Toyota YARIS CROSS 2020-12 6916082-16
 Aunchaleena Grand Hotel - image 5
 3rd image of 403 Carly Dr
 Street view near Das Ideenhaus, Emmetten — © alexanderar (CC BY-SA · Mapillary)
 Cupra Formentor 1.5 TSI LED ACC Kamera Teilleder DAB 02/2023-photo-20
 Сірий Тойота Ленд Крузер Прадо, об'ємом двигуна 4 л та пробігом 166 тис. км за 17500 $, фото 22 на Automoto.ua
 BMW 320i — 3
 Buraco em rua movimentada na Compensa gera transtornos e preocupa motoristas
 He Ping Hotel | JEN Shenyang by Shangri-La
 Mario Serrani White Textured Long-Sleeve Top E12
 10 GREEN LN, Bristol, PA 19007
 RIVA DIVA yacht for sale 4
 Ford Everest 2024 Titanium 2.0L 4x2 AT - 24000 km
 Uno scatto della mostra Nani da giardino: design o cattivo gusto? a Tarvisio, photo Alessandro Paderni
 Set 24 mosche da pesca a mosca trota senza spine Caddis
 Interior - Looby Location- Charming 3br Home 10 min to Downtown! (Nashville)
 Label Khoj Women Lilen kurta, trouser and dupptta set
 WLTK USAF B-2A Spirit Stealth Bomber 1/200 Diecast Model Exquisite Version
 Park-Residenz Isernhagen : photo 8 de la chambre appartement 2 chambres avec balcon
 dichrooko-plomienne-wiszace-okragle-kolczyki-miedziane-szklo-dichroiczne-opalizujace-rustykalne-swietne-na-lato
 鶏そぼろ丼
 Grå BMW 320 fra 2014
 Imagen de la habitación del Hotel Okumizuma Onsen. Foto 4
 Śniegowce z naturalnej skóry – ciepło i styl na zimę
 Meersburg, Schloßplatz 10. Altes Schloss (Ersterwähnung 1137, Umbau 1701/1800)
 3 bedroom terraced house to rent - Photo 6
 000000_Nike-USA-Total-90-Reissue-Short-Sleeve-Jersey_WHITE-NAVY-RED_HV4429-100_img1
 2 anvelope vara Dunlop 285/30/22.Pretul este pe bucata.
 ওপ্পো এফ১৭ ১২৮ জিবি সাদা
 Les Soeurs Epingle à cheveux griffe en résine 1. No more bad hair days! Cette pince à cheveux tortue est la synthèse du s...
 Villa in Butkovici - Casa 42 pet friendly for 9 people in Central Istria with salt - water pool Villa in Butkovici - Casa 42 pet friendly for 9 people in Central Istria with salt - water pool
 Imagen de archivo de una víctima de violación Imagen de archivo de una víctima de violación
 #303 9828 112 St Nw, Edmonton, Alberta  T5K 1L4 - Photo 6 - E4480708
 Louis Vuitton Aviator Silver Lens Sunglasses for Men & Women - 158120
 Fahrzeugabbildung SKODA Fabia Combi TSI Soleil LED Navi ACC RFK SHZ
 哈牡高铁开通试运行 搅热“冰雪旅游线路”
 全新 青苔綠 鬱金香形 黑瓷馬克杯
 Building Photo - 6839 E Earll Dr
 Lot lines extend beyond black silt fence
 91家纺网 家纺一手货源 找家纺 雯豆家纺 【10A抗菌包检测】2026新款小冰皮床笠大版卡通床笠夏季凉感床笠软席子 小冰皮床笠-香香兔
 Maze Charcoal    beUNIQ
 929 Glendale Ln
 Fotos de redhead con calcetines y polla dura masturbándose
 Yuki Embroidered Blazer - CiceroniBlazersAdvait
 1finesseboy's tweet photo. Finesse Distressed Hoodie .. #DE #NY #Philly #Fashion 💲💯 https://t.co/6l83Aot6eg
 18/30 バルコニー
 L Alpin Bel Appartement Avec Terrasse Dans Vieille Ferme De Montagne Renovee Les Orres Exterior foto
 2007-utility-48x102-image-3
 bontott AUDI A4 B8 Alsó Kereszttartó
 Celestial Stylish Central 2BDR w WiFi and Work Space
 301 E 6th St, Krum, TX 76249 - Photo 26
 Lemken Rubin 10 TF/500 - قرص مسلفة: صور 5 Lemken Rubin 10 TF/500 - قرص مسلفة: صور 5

WORK ITEM:
Find every line above where the word "Hotel" occurs, and copy that line.

REPLY TO THE TASK:
 Aunchaleena Grand Hotel - image 5
 He Ping Hotel | JEN Shenyang by Shangri-La
 Imagen de la habitación del Hotel Okumizuma Onsen. Foto 4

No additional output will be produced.